## Provided records
*** Begin section ***

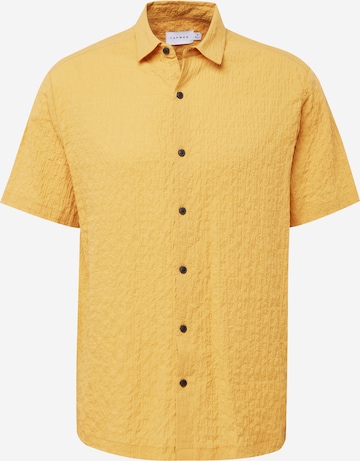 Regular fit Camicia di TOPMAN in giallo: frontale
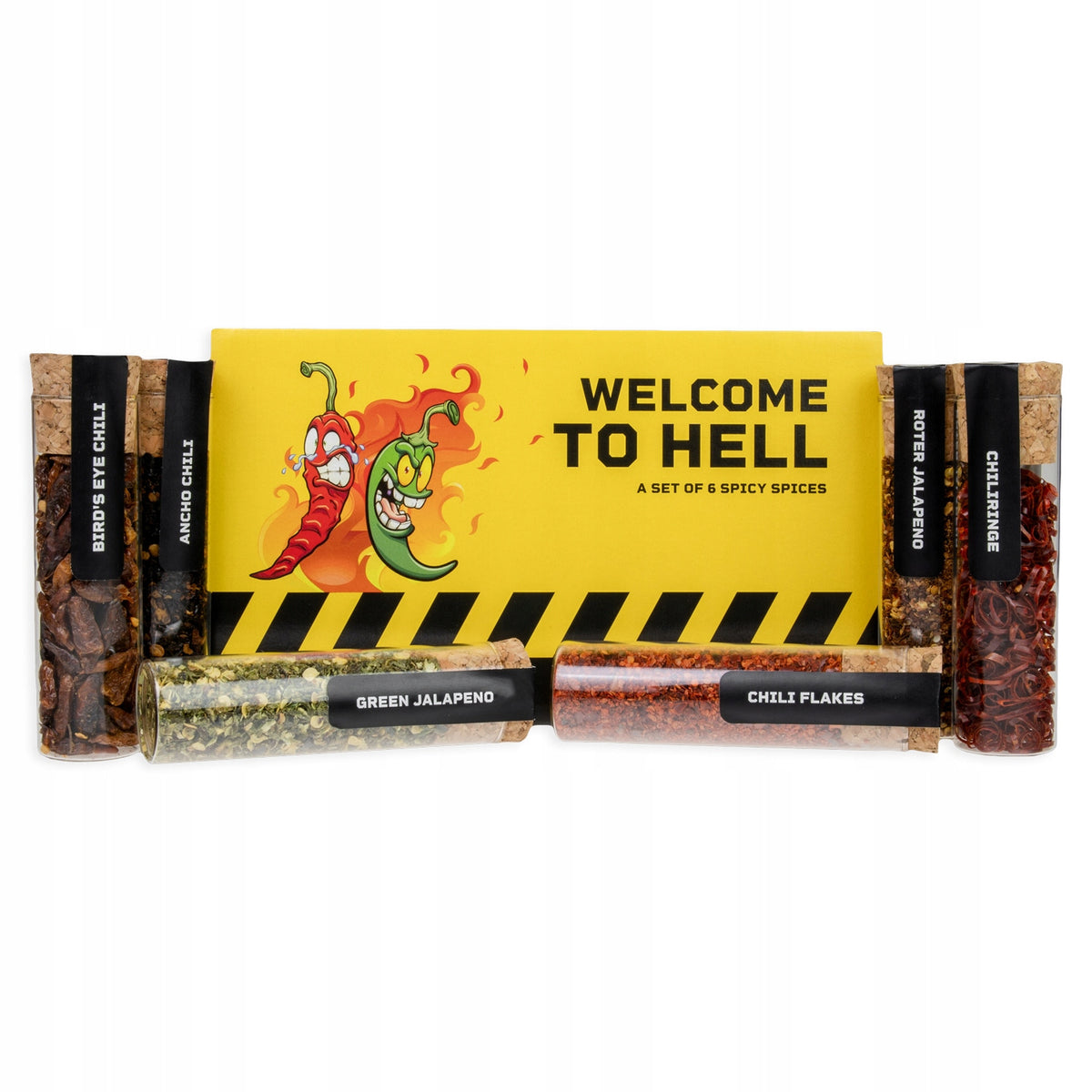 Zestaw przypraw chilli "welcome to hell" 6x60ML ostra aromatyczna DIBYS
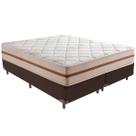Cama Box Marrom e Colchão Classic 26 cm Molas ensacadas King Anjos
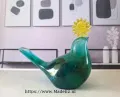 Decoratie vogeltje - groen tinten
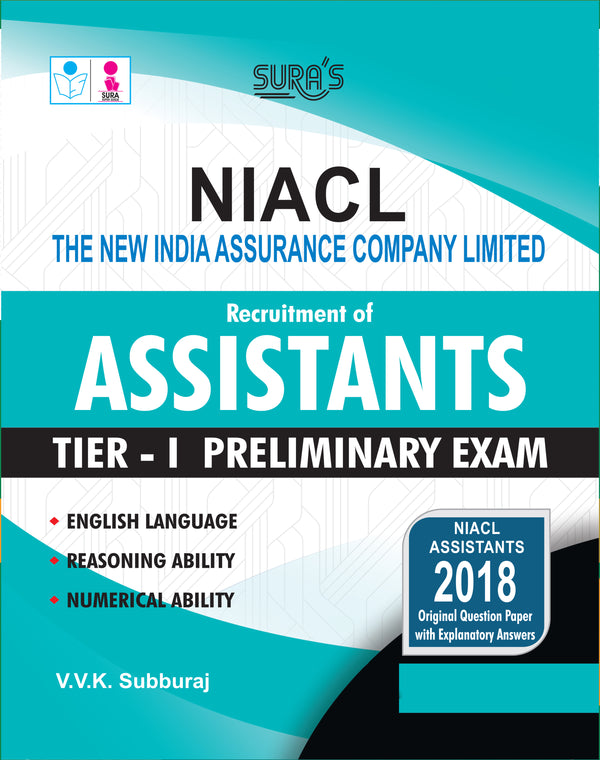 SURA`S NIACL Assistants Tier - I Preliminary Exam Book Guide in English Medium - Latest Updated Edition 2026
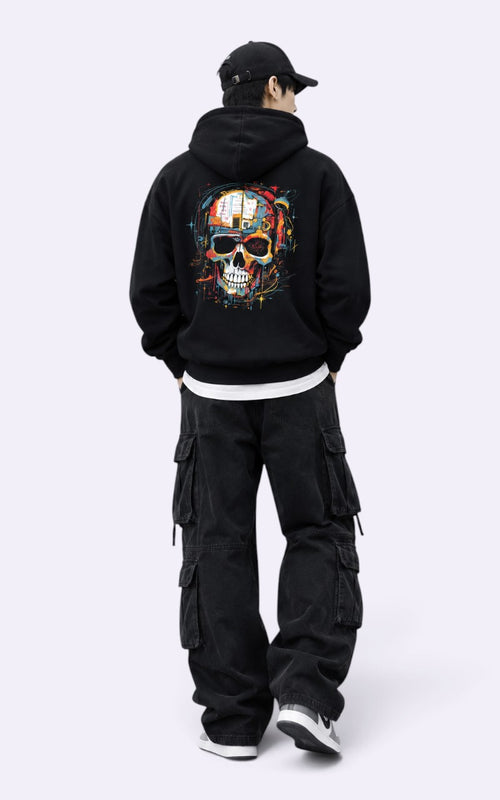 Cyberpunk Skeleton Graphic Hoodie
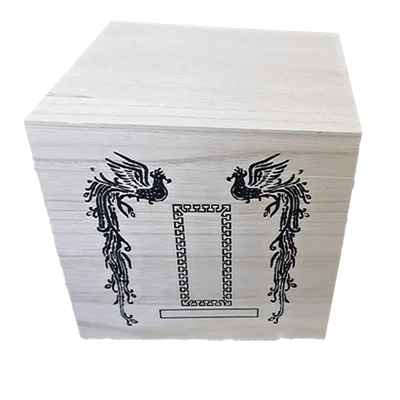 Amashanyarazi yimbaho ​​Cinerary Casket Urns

*** End section ***
*** Begin section ***

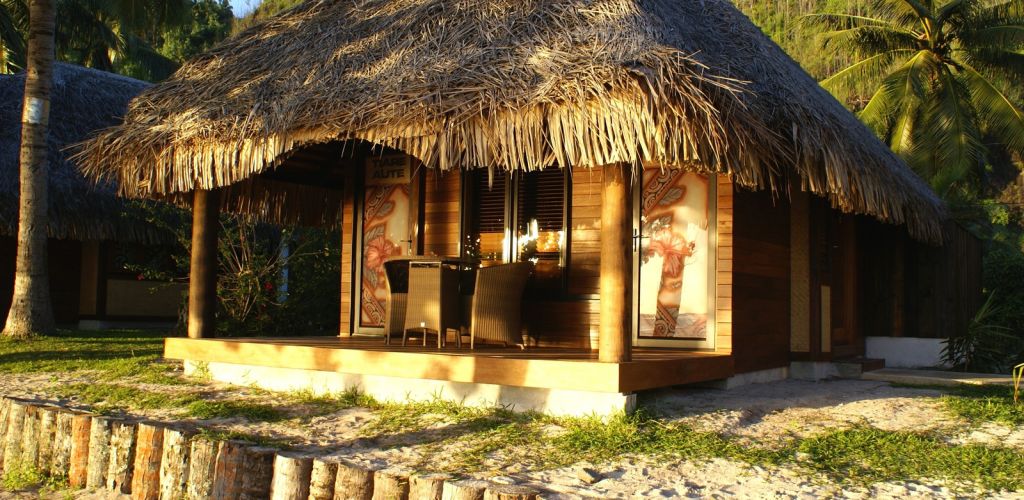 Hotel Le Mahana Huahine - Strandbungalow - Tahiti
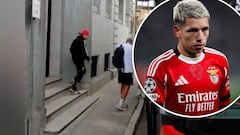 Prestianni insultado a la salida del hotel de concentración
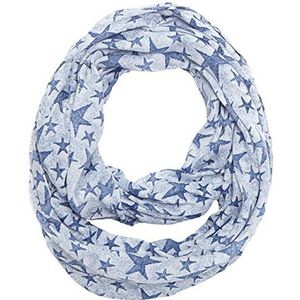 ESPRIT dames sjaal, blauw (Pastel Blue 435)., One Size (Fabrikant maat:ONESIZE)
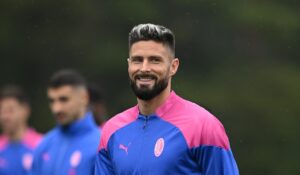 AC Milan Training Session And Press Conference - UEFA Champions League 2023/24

*** End section ***
*** Begin section ***

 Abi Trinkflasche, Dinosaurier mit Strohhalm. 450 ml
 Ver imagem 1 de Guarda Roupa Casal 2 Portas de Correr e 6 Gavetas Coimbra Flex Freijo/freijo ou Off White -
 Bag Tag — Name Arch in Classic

*** End section ***

## How to complete this task
Repeat exactly, and only, the entries from the line with "Regular fit Camicia" through the line with "Amashanyarazi yimbaho ​​Cinerary Casket Urns". Pictures are skipped.

## Final answer
 Regular fit Camicia di TOPMAN in giallo: frontale
 Zestaw przypraw chilli "welcome to hell" 6x60ML ostra aromatyczna DIBYS
Cama Box Marrom e Colchão Classic 26 cm Molas ensacadas King Anjos
 Decoratie vogeltje - groen tinten
 SURA`S NIACL Assistants Tier - I Preliminary Exam Book Guide in English Medium - Latest Updated Edition 2026
 Cyberpunk Skeleton Graphic Hoodie
 Amashanyarazi yimbaho ​​Cinerary Casket Urns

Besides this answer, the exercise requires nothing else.